● Task goal
Return all the records, each one exactly as given.
Data: Begin
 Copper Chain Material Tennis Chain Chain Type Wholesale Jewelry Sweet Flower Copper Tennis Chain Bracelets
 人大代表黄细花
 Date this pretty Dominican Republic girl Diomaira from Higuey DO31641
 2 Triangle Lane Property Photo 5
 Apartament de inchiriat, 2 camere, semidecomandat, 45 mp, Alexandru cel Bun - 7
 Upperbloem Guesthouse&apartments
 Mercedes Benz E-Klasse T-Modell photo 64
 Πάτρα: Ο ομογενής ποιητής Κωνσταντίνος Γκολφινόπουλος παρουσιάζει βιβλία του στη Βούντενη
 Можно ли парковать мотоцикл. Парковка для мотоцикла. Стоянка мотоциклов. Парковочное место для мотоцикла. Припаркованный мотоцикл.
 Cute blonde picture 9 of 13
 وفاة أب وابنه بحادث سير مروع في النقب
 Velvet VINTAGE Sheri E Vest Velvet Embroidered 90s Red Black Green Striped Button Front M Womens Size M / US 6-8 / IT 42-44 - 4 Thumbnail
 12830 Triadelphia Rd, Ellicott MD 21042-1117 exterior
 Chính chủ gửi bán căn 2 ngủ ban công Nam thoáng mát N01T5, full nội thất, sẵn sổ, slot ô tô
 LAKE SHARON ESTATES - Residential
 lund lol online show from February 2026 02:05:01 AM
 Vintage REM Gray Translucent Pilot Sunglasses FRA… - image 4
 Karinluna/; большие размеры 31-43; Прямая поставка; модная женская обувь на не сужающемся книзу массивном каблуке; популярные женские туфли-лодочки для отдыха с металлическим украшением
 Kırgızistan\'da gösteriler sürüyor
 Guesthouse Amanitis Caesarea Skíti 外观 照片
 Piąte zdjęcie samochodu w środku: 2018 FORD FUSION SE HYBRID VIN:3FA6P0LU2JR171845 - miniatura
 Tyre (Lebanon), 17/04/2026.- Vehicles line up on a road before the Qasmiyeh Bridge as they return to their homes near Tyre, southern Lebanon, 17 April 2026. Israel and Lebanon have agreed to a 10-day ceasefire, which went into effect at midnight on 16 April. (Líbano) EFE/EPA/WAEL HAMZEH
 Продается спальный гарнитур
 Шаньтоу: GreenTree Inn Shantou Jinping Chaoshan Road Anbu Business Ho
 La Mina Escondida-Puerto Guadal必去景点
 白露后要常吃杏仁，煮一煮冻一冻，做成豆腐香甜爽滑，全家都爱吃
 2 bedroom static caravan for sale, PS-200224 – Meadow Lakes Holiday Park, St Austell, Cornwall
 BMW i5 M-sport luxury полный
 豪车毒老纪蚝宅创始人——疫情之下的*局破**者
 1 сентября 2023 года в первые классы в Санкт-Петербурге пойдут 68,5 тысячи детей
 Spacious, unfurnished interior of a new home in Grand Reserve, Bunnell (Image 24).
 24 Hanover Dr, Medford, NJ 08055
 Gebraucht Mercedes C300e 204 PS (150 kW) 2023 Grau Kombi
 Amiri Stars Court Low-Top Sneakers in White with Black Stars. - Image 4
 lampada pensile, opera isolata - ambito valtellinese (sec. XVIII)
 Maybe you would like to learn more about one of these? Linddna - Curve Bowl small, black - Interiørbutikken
Data: End
● The answer
 Copper Chain Material Tennis Chain Chain Type Wholesale Jewelry Sweet Flower Copper Tennis Chain Bracelets
 人大代表黄细花
 Date this pretty Dominican Republic girl Diomaira from Higuey DO31641
 2 Triangle Lane Property Photo 5
 Apartament de inchiriat, 2 camere, semidecomandat, 45 mp, Alexandru cel Bun - 7
 Upperbloem Guesthouse&apartments
 Mercedes Benz E-Klasse T-Modell photo 64
 Πάτρα: Ο ομογενής ποιητής Κωνσταντίνος Γκολφινόπουλος παρουσιάζει βιβλία του στη Βούντενη
 Можно ли парковать мотоцикл. Парковка для мотоцикла. Стоянка мотоциклов. Парковочное место для мотоцикла. Припаркованный мотоцикл.
 Cute blonde picture 9 of 13
 وفاة أب وابنه بحادث سير مروع في النقب
 Velvet VINTAGE Sheri E Vest Velvet Embroidered 90s Red Black Green Striped Button Front M Womens Size M / US 6-8 / IT 42-44 - 4 Thumbnail
 12830 Triadelphia Rd, Ellicott MD 21042-1117 exterior
 Chính chủ gửi bán căn 2 ngủ ban công Nam thoáng mát N01T5, full nội thất, sẵn sổ, slot ô tô
 LAKE SHARON ESTATES - Residential
 lund lol online show from February 2026 02:05:01 AM
 Vintage REM Gray Translucent Pilot Sunglasses FRA… - image 4
 Karinluna/; большие размеры 31-43; Прямая поставка; модная женская обувь на не сужающемся книзу массивном каблуке; популярные женские туфли-лодочки для отдыха с металлическим украшением
 Kırgızistan\'da gösteriler sürüyor
 Guesthouse Amanitis Caesarea Skíti 外观 照片
 Piąte zdjęcie samochodu w środku: 2018 FORD FUSION SE HYBRID VIN:3FA6P0LU2JR171845 - miniatura
 Tyre (Lebanon), 17/04/2026.- Vehicles line up on a road before the Qasmiyeh Bridge as they return to their homes near Tyre, southern Lebanon, 17 April 2026. Israel and Lebanon have agreed to a 10-day ceasefire, which went into effect at midnight on 16 April. (Líbano) EFE/EPA/WAEL HAMZEH
 Продается спальный гарнитур
 Шаньтоу: GreenTree Inn Shantou Jinping Chaoshan Road Anbu Business Ho
 La Mina Escondida-Puerto Guadal必去景点
 白露后要常吃杏仁，煮一煮冻一冻，做成豆腐香甜爽滑，全家都爱吃
 2 bedroom static caravan for sale, PS-200224 – Meadow Lakes Holiday Park, St Austell, Cornwall
 BMW i5 M-sport luxury полный
 豪车毒老纪蚝宅创始人——疫情之下的*局破**者
 1 сентября 2023 года в первые классы в Санкт-Петербурге пойдут 68,5 тысячи детей
 Spacious, unfurnished interior of a new home in Grand Reserve, Bunnell (Image 24).
 24 Hanover Dr, Medford, NJ 08055
 Gebraucht Mercedes C300e 204 PS (150 kW) 2023 Grau Kombi
 Amiri Stars Court Low-Top Sneakers in White with Black Stars. - Image 4
 lampada pensile, opera isolata - ambito valtellinese (sec. XVIII)
 Maybe you would like to learn more about one of these? Linddna - Curve Bowl small, black - Interiørbutikken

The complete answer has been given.